====== DATA
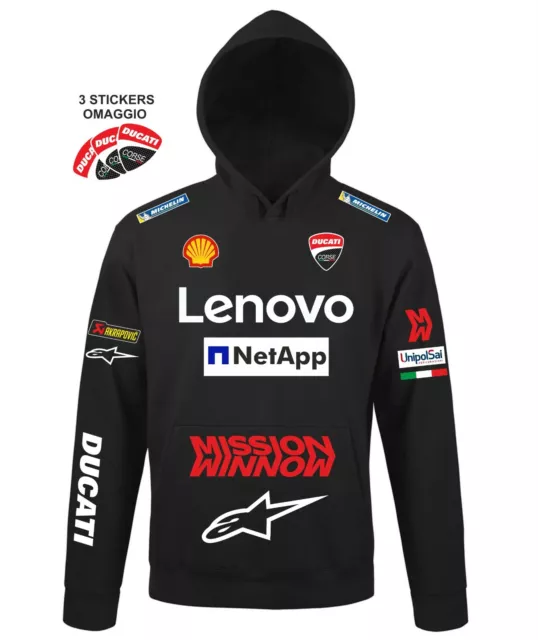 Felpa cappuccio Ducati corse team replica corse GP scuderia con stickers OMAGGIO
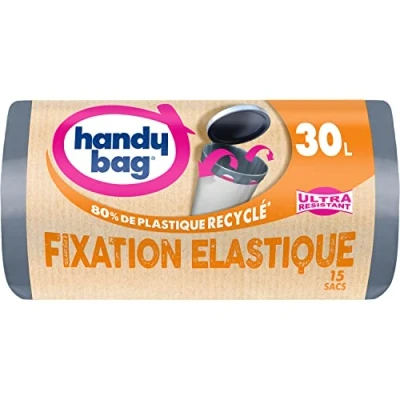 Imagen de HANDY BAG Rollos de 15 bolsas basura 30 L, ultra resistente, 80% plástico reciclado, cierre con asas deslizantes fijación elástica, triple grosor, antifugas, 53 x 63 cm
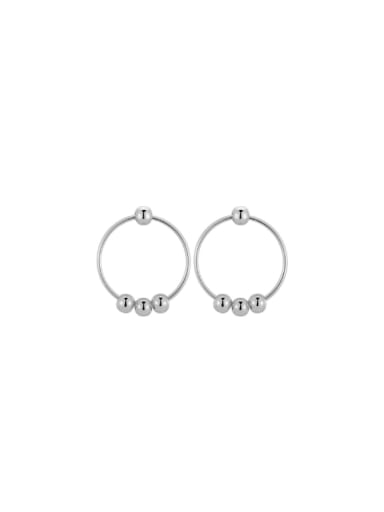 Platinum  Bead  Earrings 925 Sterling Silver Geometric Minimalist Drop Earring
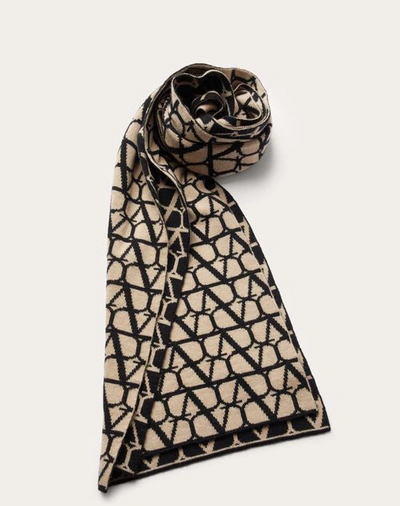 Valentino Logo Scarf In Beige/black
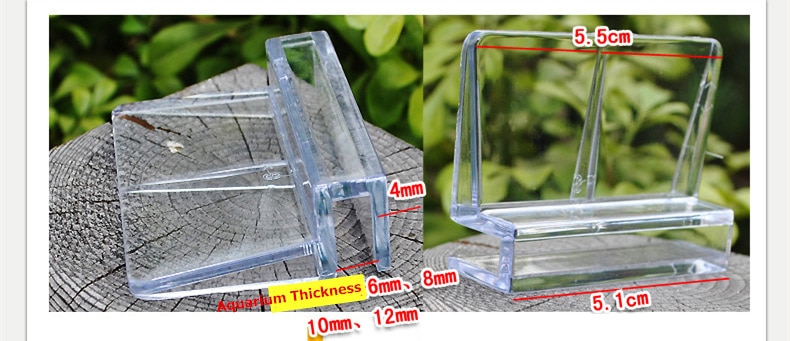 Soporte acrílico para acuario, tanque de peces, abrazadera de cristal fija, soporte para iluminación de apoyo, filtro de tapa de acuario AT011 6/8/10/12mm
============
§ WHAT IS EXPECTED: Could you output all of the records exactly, without their pictures?

§ EXERCISE OUTPUT:
 Felpa cappuccio Ducati corse team replica corse GP scuderia con stickers OMAGGIO
 Imagen de HANDY BAG Rollos de 15 bolsas basura 30 L, ultra resistente, 80% plástico reciclado, cierre con asas deslizantes fijación elástica, triple grosor, antifugas, 53 x 63 cm
 Platinum  Bead  Earrings 925 Sterling Silver Geometric Minimalist Drop Earring
 Valentino Logo Scarf In Beige/black
 Soporte acrílico para acuario, tanque de peces, abrazadera de cristal fija, soporte para iluminación de apoyo, filtro de tapa de acuario AT011 6/8/10/12mm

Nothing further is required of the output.